Steve Linden is a classic, antique, and collector vehicle expert who offers advice, tips, and news on all things classic car related on Long Island. Send in your questions to

I found your "Question and Answer" about the engine break-in procedure useful since I am the proud new owner of a freshly built Pontiac 455 engine for my 1972 Trans AM.

However, one point not addressed in your answer is the matter of synthetic vs. conventional oil during the break-in period. What have you found to be the best oil to use during and after the break in? Does synthetic help preserve a classic engine longer?

For the break-in period I use conventional oil. I believe that synthetic oil is actually too "slippery" to allow the proper advantageous wear to take place during break-in in critical areas such as piston rings to cylinder walls.

After the break-in period, I continue to use conventional oil. I do this because I am compulsive about the oil changes on my classic cars. The oil that I drain out of the car is usually just as clean as when I put it in. Depending on how you use your car (long trips, short trips, dusty areas, etc.)

I think conventional oil is fine as long as it is changed regularly and at short intervals such as every 3,000 miles or twice a year, whichever comes first. If money is no object, or if your oil change intervals will be longer, I think synthetic oil is fine after the break-in period.

I have a problem with my 1976 Triumph TR6. My speedometer says one speed while those police radar check points say another, and there can be quite a difference.

When I am doing 55 mph my speedometer reflects about 15 mph over that, and the faster I go the larger the discrepancy becomes. I must drive using my tachometer to gauge my speed.

Nothing that I know of has been changed on the car. The speedometer cable is driven off of the distributor, not the transmission like American cars. How can I go about getting this problem fixed?

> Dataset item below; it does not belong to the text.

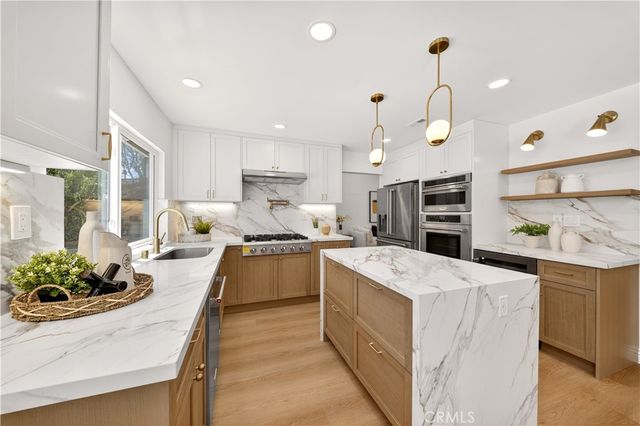 6764 E Swarthmore, Anaheim, CA 92807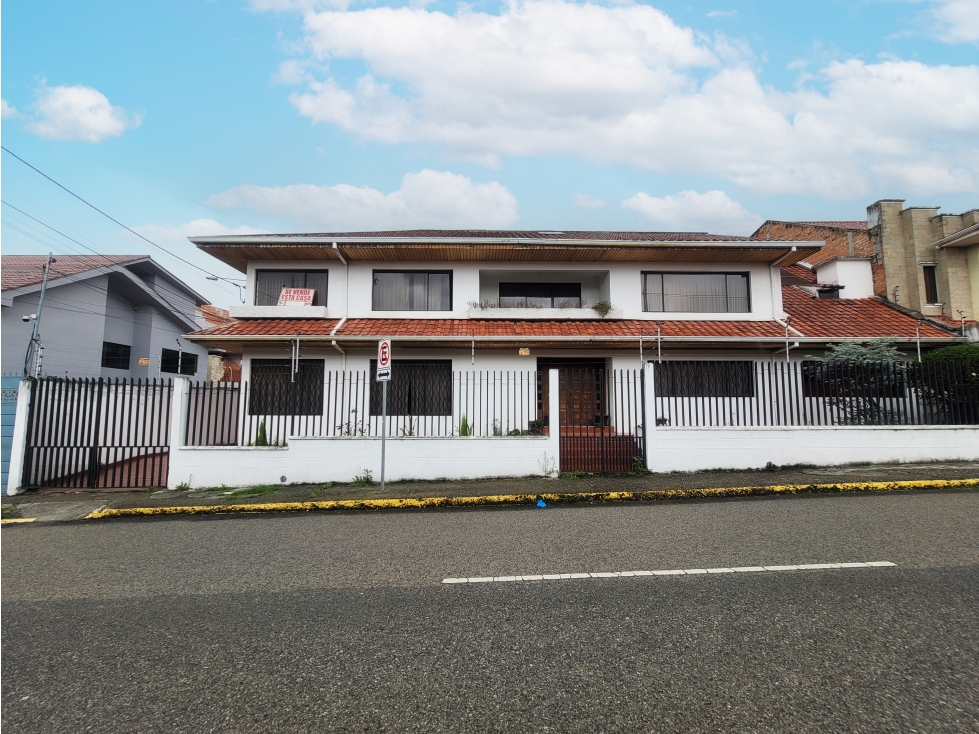 #350 Amplia Casa, Sector Remigio Crespo - 1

I've owned a few of these cars myself, and I want to tell you that the problem you're experiencing is not uncommon. I hope that makes you feel better.

Actually, there are a few things that can cause the problem you're having. I was confused by your statement that your speedometer was driven by your distributor, because it should not be. I checked with Mike at British Car Service in Holbrook to confirm this for me. He confirmed that I was correct, so I suspect that what you believe to be your speedometer cable is actually your tachometer cable, which is in fact driven off of the distributor. Your speedometer is driven off of your transmission in a very conventional manner, although it does go through a "counter box."

The first, and most common cause of this speedometer error is a change in tire size. If you or a previous owner changed to a smaller, or lower profile tire, it will spin faster at any given speed. This faster tire rotation speed will cause the transmission to spin faster, and since a gear in the transmission drives the speedometer, the speedometer will indicate a higher speed. The original tire size on your car was 185/15 which had a “total height” (measured from the top of the tire to the bottom when inflated) of about 26.3 inches.

You can easily measure yours, and if it is smaller, you’ve found your problem. The original style “redline tires” are being reproduced in the proper size but my experience is that they have a slightly larger “total height” (about 27 inches) which will cause your speedometer to indicate a speed that is slightly slower that your actual speed. A modern 205/70/15 tire has a “total height” that is virtually identical to the original tire and will work well on your car.

The other possibility is that the wrong "speedometer drive gear" is being used in the transmission. There are two gears that are available for TR6s. The application is determined by the year of the car. Since they will both fit in your transmission, it's not unusual to find the wrong one being used. The "tooth count" only varies by one, but this is enough to account for a significant error.

Readers Tip Of The Week
Always open at least one car window fully when parking in a garage to prevent interior mildew. Dust is easier to clean than mildew.

I hang a desiccant like the kind that comes packed with electronics to absorb moisture in my car when I store it for the winter. Just make sure to put a plastic container under it. It will absorb enough moisture that eventually it will start dripping.